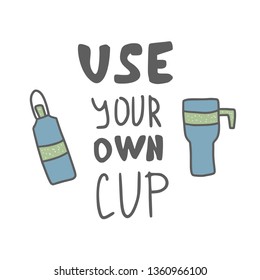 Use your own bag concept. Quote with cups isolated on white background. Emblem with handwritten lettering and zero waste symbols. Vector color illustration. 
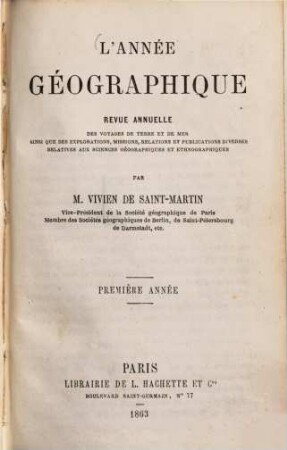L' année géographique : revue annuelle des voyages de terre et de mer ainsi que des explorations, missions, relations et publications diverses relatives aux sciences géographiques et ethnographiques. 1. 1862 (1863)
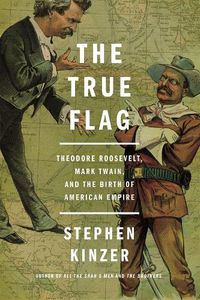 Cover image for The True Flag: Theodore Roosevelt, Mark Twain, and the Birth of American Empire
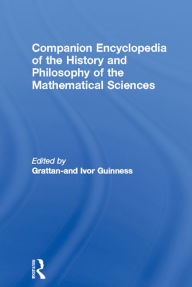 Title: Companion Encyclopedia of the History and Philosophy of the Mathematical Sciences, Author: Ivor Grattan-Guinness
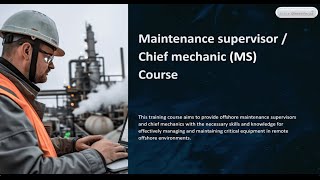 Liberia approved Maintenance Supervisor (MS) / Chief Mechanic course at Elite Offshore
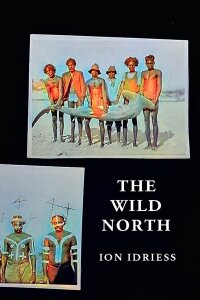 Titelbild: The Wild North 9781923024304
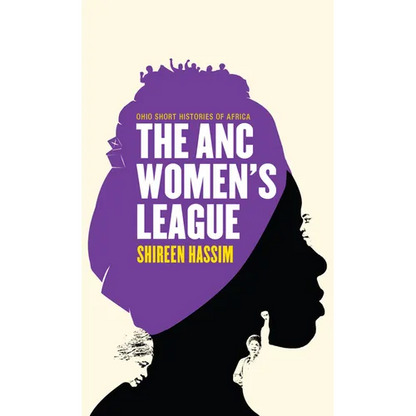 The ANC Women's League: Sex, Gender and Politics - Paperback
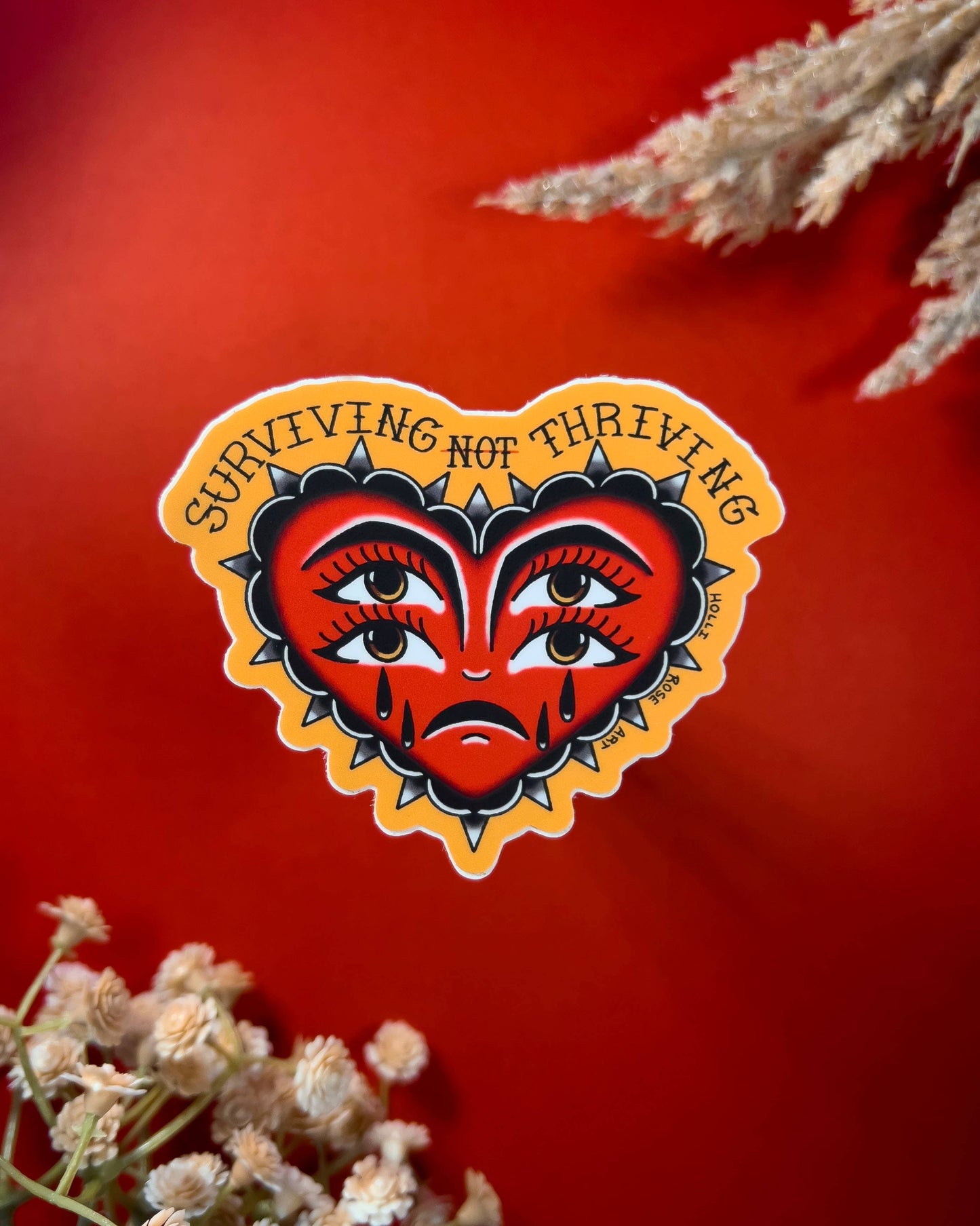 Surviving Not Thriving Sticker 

★ ★ ★ ★ ★ ★ ★

■ **What the exercise asks**
Find "Cover image for" in the entries, then reproduce that line and each line after it exactly, through the last one. Pictures do not go in.

■ **Solution to this task**
 Cover image for The True Flag: Theodore Roosevelt, Mark Twain, and the Birth of American Empire
 Title: Companion Encyclopedia of the History and Philosophy of the Mathematical Sciences, Author: Ivor Grattan-Guinness
 Liberia approved Maintenance Supervisor (MS) / Chief Mechanic course at Elite Offshore
 Titelbild: The Wild North 9781923024304
 The ANC Women's League: Sex, Gender and Politics - Paperback
 Surviving Not Thriving Sticker 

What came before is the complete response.